Smelling like a girl in heat should have sent me into another screaming fit.  Instead I licked my fingers and enjoyed the pungent taste.  My hand quickly returned to my new nether lips and…I hesitated.  I knew that I was on the brink of something entirely new, that if I did this I was accepting not just that I had been transfigured but that this bizarrely altered, all too feminine flesh was mine.  Not an aberration or hallucination.  Not a temporary excursion into femininity.  To accept this body would transform me in a way more profound than the addition of breasts or my new womanhood.


The decision was made in a heartbeat and I gave a glad cry as my fingers plunged into my sopping wet pussy.  My other hand went back to furiously rubbing my cock.  In that moment I was remade for the second time in as many days and tears of joy ran down my face as I pleasured both of my sexes.  It was only moments before a thunderous orgasm rolled over me and shook me to my core. 

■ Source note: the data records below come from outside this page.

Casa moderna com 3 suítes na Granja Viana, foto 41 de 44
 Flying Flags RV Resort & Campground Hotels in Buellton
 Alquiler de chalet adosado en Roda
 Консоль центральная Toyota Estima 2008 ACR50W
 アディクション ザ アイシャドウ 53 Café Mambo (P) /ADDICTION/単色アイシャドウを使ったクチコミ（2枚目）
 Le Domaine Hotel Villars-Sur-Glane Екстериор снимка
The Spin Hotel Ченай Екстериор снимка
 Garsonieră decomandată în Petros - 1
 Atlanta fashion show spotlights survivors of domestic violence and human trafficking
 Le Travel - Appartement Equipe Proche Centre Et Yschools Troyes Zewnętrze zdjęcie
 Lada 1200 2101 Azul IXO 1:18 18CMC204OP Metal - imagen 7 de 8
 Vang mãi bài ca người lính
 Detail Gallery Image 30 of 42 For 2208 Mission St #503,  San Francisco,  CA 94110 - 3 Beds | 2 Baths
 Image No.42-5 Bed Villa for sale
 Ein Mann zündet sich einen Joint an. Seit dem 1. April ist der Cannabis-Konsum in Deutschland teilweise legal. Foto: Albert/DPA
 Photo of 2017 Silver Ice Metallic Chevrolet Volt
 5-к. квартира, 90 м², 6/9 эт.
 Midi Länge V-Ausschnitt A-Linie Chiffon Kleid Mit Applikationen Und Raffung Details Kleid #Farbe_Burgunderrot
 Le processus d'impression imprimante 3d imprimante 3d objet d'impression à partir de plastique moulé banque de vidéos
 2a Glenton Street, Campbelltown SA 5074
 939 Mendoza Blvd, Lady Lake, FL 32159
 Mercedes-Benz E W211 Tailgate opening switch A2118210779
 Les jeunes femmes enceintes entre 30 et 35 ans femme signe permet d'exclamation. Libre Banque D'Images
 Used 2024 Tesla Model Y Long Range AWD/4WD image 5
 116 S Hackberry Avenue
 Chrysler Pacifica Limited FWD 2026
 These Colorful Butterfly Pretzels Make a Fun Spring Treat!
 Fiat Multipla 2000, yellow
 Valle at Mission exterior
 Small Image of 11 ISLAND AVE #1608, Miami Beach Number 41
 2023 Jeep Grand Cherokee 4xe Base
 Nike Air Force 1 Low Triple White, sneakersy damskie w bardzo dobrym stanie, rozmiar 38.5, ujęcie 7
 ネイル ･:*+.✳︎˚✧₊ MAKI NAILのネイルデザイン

I panted underneath my blankets, awash in a glorious afterglow.  The giddy rush of pleasure from my penis was familiar, if more powerful than I remembered, but the pulsing orgasmic waves coming from my pussy was a new experience that I was savoring.  Is this what girls feel? I wondered.  I did not feel as tired as I normally did after an orgasm.  Instead I felt energized and eager for more.  My hands were soon busy once again and in moments I was writhing on my sheets and moaning lustily.


I am not sure how many times I came that night.  Each orgasm seemed to only fuel the need for another!  Instead of feeling tired I felt strangely invigorated, as though full of a restless, almost nervous, energy that would not let me stop what I was doing.  I was caught in an endless cycle of pleasure. 


Finally I could not take anymore. My exhausted brain overruled the demands of my body and I fell into a deep slumber.